Is that even a real thing? Yes, indeed it is. So what on earth is overtrading?
To be honest, overtrading can take a few different shapes.
The first sign of overtrading occurs when a trader spends way too much time in front of the screens each day.
Trading can be very exhausting as it uses up a lot of focus and energy. A likely result of this type of excessive trading hours means that traders normally loses focus of the present.
Traders who experience this becomes numb to the market and often misses clear and obvious trades because they are drained.
Another form of overtrading is when traders absorb too much market information too quickly and end up confused and unsure.
This can be very exhausting and almost always leads to bad trading decisions. It is very important to stay in tune with the market, but don’t overdo it.

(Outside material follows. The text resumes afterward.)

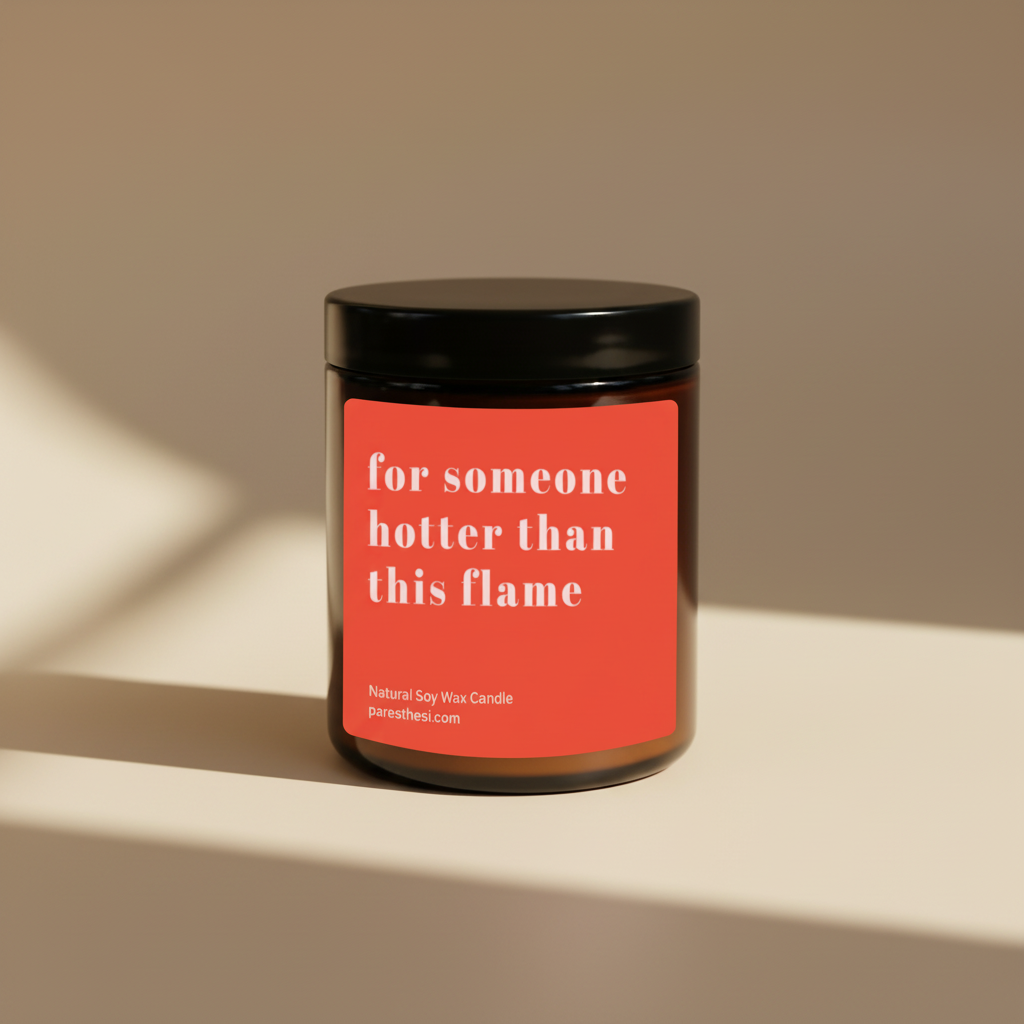 A single jar candle with a black lid and a bright coral-red label featuring white text that reads 'for someone hotter than this flame' with smaller text below reading 'Natural Soy Wax Candle' and 'paresthesi.com'. The candle is photographed on a plain beige background.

#6 Relying too much on Indicators and Robots
Oh boy, this is another big one. One of the biggest obstacles traders will face in their trading is learning not to rely on Indicators and trading robots.
The idea of using trading strategies that are full of technical indicators are very tempting for many traders.
The reason why this is so popular is that indicators are mechanical, and traders like the idea of approaching the market in a purely mechanical way.
Most traders find it comforting to know that they have multiple indicators to help them make their trading decisions.
However, the market is not mechanical. The market is driven by actual human beings with actual emotions.
The element that all Technical Indicators lack is the ability to account for the emotions involved in trading.
Another problem facing indicators is that traders place predictive expectations on them.
Thus, traders think using more indicators will result in more success because they will be able to predict where the market will go.
This is so dangerous! No indicator or group of indicators will ever be able to predict market direction. Indicators can only INDICATE!
Placing too much reliance on indicators and robots will only cause frustration in your trading journey.
#7 Reluctance to get help
Another obstacle traders face is their reluctance to get help from experienced traders. There is a growing trend amongst beginner traders that try to educate themselves in trading without the help of professionals.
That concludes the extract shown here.